Reproduce, exactly and only, the lines of the data that follows from the one containing "1X Textar 2465901" down to the one containing "Bharti Singh Baby Kaju Name", without pictures.

BEGIN Extracted material

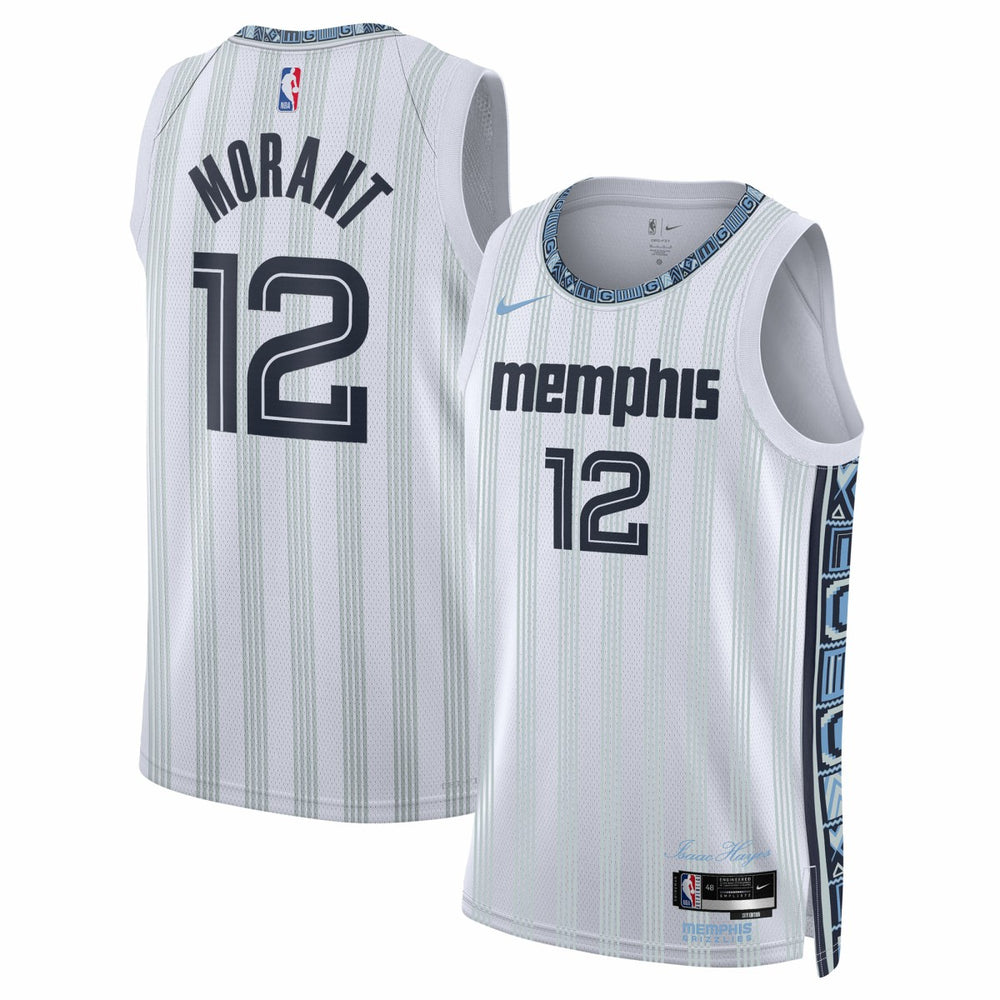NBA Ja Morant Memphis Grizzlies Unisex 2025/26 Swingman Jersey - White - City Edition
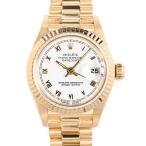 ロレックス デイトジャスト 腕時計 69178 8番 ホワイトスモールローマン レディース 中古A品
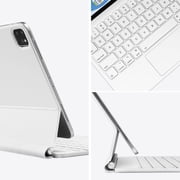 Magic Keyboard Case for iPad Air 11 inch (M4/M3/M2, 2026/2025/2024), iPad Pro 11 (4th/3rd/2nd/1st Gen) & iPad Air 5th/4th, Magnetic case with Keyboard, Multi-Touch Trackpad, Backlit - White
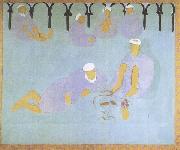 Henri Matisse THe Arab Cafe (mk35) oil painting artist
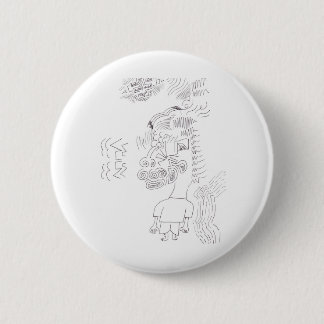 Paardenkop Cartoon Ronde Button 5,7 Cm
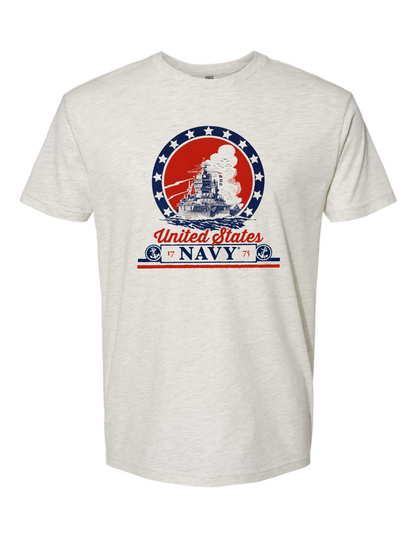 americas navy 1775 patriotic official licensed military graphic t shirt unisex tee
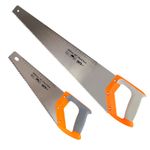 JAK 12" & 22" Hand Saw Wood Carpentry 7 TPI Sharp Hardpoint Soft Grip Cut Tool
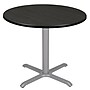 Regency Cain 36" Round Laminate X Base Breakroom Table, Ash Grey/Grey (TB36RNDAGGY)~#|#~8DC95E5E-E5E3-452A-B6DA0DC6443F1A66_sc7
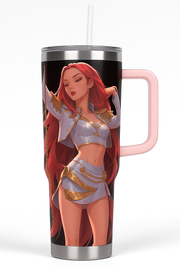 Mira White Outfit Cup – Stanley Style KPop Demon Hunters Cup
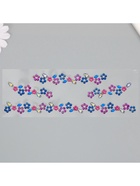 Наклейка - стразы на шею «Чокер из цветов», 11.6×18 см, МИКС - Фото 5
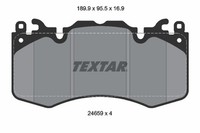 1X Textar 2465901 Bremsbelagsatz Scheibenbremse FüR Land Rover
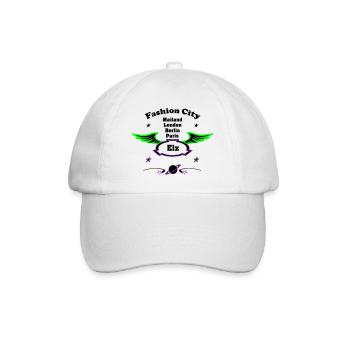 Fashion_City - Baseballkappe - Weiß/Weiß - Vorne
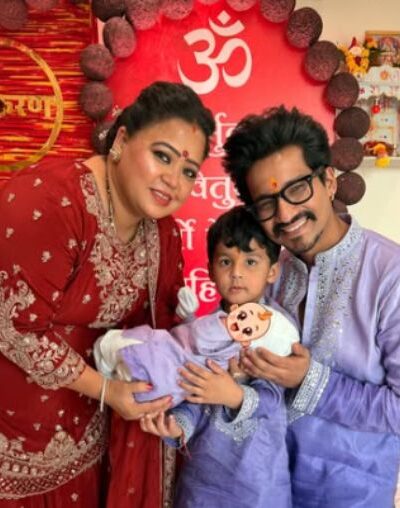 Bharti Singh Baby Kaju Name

END Extracted material
BEGIN Extracted material

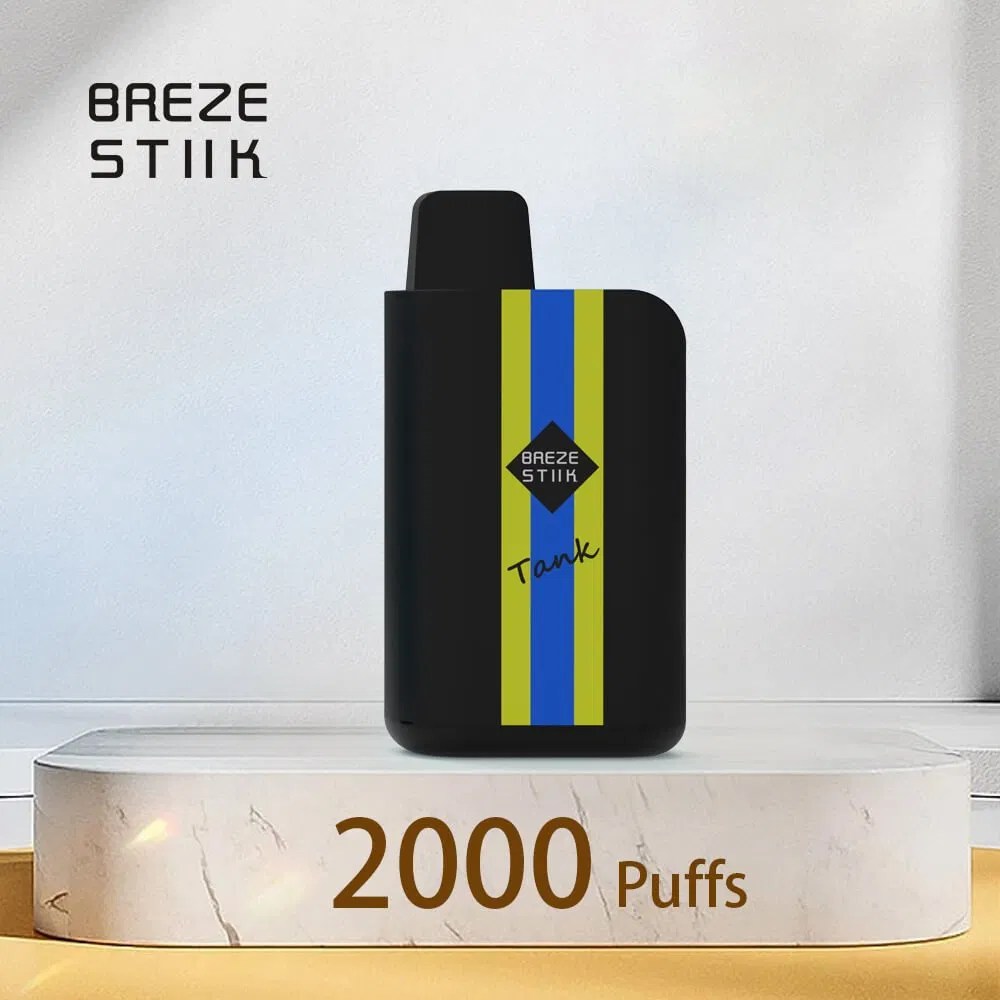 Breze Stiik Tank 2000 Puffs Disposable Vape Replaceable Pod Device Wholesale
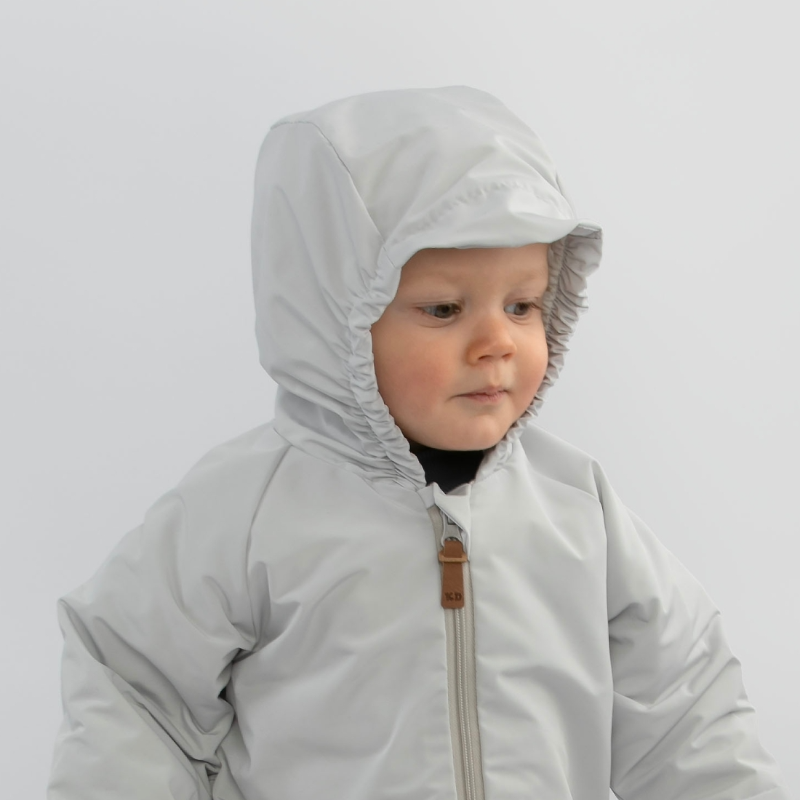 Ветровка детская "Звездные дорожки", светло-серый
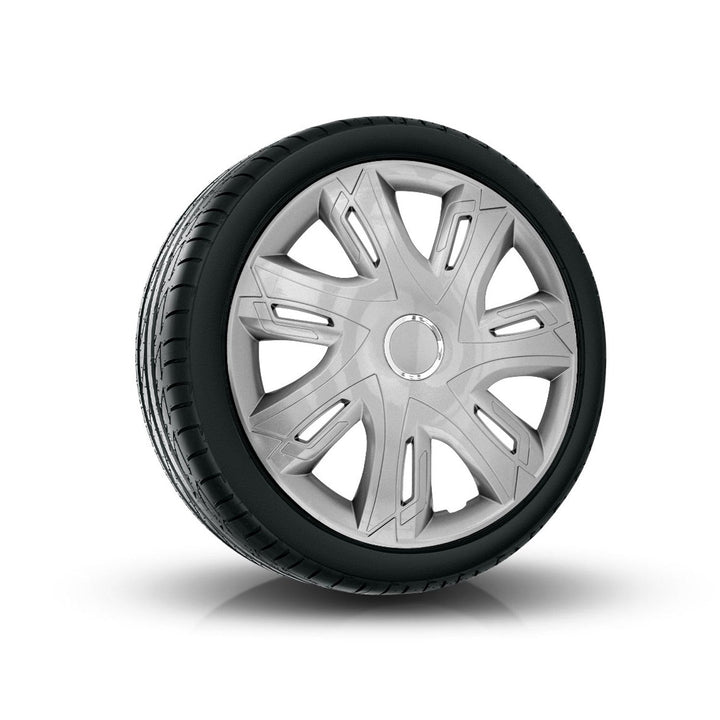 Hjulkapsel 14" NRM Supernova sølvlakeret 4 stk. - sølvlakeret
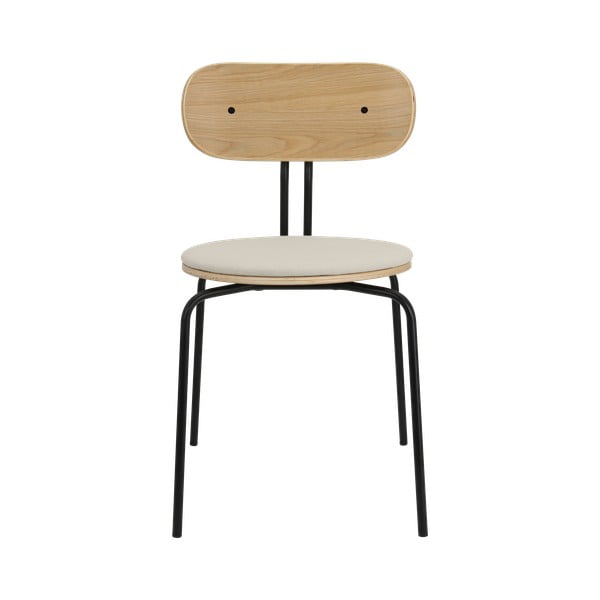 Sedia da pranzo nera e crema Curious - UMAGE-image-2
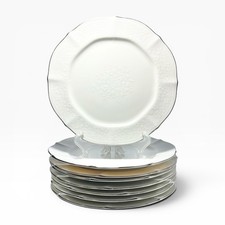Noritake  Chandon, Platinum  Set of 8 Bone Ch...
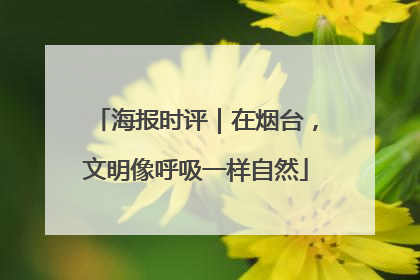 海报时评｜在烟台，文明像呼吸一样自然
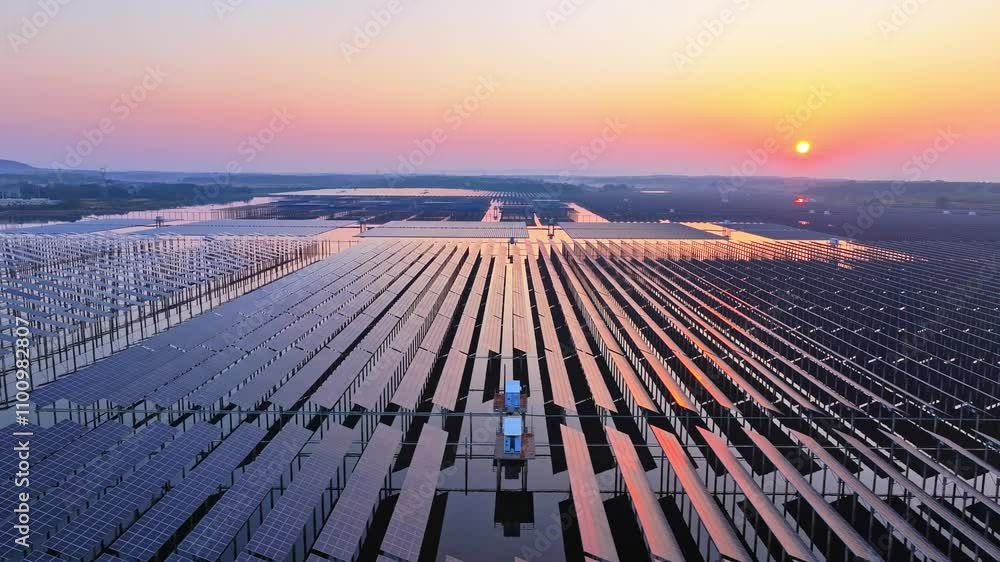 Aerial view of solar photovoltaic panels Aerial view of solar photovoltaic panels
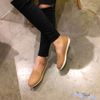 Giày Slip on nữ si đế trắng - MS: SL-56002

END Extracted material

** Answer space **
 1X Textar 2465901 Bremsbelagsatz Scheibenbremse FüR Land Rover
 Fashion_City - Baseballkappe - Weiß/Weiß - Vorne
 Bharti Singh Baby Kaju Name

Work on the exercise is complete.